Steve Fainaru, the Washington Post reporter respected for his investigative reporting on private contractors, summarizes the relationship of Blackwater to the US and Iraqi governments and concludes that the Blackwater "cowboys" are a ready source of conflict between the US (which protects them) and Iraq (which suffers from their arrogant and dangerous behaviors.
Blackwater, at odds with the average American soldier in Iraq and under no real oversight, has been making big trouble over the long American occupation.
In recent months, the State Department's oversight of Blackwater became a central issue as Iraqi authorities repeatedly clashed with the company over its aggressive street tactics. Many U.S. and Iraqi officials and industry representatives said they came to see Blackwater as untouchable, protected by State Department officials who defended the company at every turn. Blackwater employees protect the U.S. ambassador and other diplomats in Iraq.
The State Department's oversight turns out to have been virtually non-existent. Blackwater could do no wrong.
Vetting of security companies in Iraq remains so lax that another organization, the International Contractors Association, has offered to help companies discern experienced guards from those who lack qualifications. "If people won't regulate us, we will regulate ourselves, and we will do so professionally," said Jaco S. Botes, a South African contractor who heads the association.
"If the industry goes unchecked, it will implode -- that's just the logical way of things to happen," he said. "It's like a landslide. It will grow and grow until everybody is just fed up."
The military came up with some regulations but Blackwater ignored them.
None of the new orders applied to Blackwater, which has received $678 million in State Department contracts since 2003 and operates under the department's authority.
Imagine if you are in the US military in Iraq and there's a second small army, allegedly on your side, which operates separately and without letting you know what it's doing.
Blackwater is not required to report its movements to the military. "There is no oversight or coordination of Blackwater by the U.S. military," said Jack Holly, a retired Marine colonel who oversees several private security firms as director of logistics for the U.S. Army Corps of Engineers.
Then there's the relationship of Blackwater and the Iraqi people, amply described by Blackwater expert Jeremy Scahill. It's a simply relationship: Blackwater is feared and detested.
"Blackwater has no respect for the Iraqi people," the Interior Ministry official said. "They consider Iraqis like animals, although actually I think they may have more respect for animals. We have seen what they do in the streets. When they're not shooting, they're throwing water bottles at people and calling them names. If you are terrifying a child or an elderly woman, or you are killing an innocent civilian who is riding in his car, isn't that terrorism?"
Blackwater's most visible and important task is to guard American high officials moving around in Iraq. Even those officials notice the way in which Blackwater is regarded.
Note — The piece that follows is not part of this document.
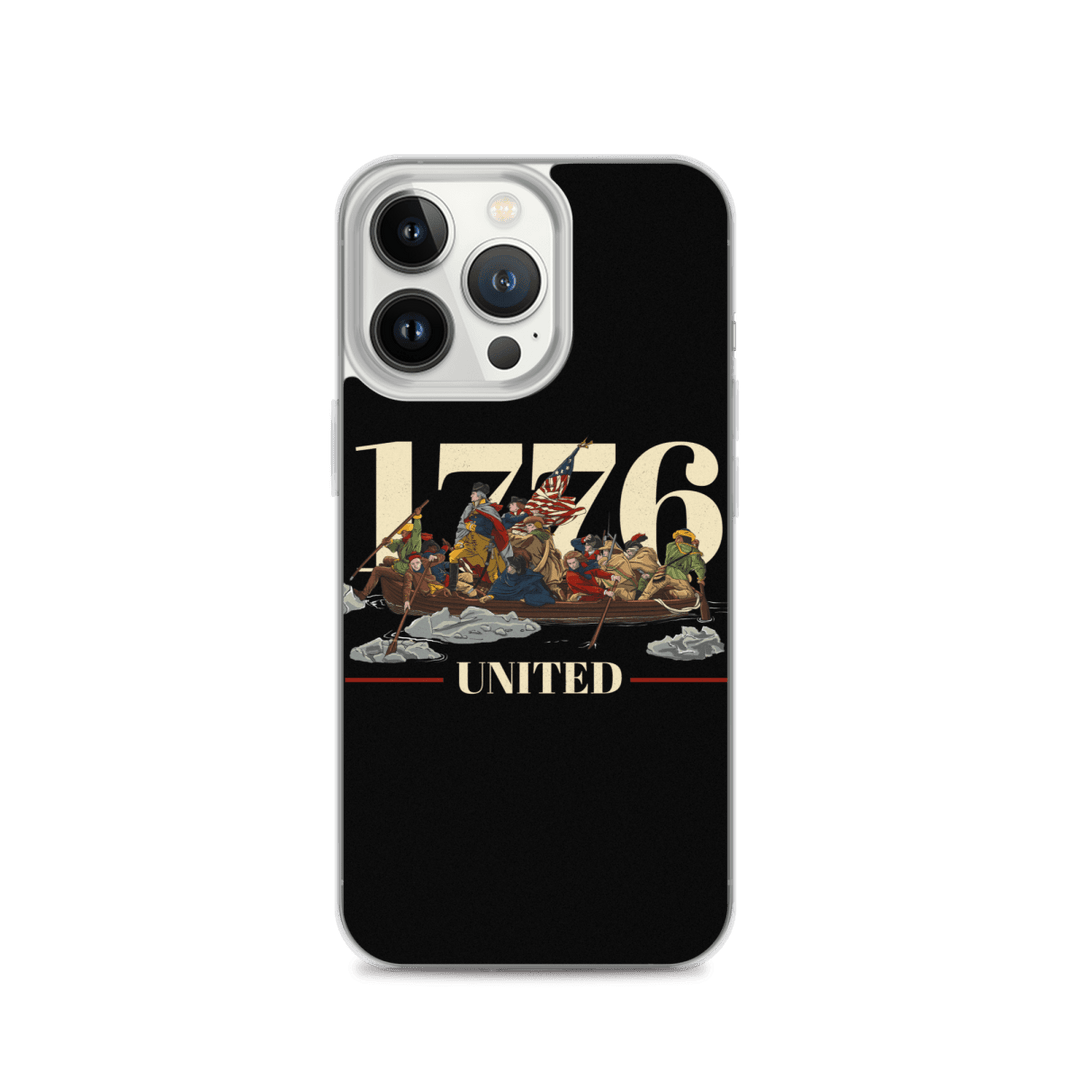 The Crossing iPhone Case - 1776 United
Ann Exline Starr, a former Coalition Provisional Authority adviser, said she traveled in Iraq first with a military escort, then with guards from Blackwater and another State Department-contracted security firm, DynCorp International, as security in Iraq deteriorated. The shift was startling, she said. The soldiers drank tea and played cards with the Iraqis. The security contractors, on the other hand, moved more aggressively, their only focus protecting Exline Starr.
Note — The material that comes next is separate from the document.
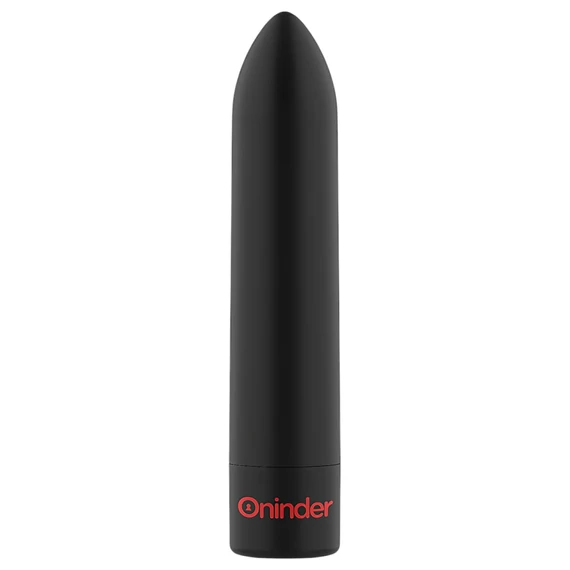 Oninder - okos mini vibrátor (fekete)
Bottom line? Given the US State Department's laxity in handling its private contractors, and given that contractor's behaviors on the ground, the US government is losing credibility and standing in Iraq along with its hot-dog privateers.
"The Iraqis despised them, because they were untouchable," said Matthew Degn, who recently returned from Baghdad after serving as senior American adviser to the Interior Ministry. "They were above the law." Degn said Blackwater's armed Little Bird helicopters often buzzed the Interior Ministry's roof, "almost like they were saying, 'Look, we can fly anywhere we want.' "
Degn said he believed that the Iraqi government was trying to hold up Blackwater as "a symbol." If the government can bring the company to heel, he said, all the other private security companies will have to follow.
"It's a symbol of the rift that still exists between both governments," he said. "The Iraqis are trying to establish their own authority. And if they do this, they can show the world that Blackwater is not untouchable. And that the U.S. is not the ultimate authority in their country."
"The ugly American." "Yankee go home." Same old, same old. Exhausted, over-stretched and (compared to privateers) badly underpaid and cared for, the military are nonetheless making friends with the Iraqis. All of this is deeply unfair to well-trained and well-meaning troops in Iraq.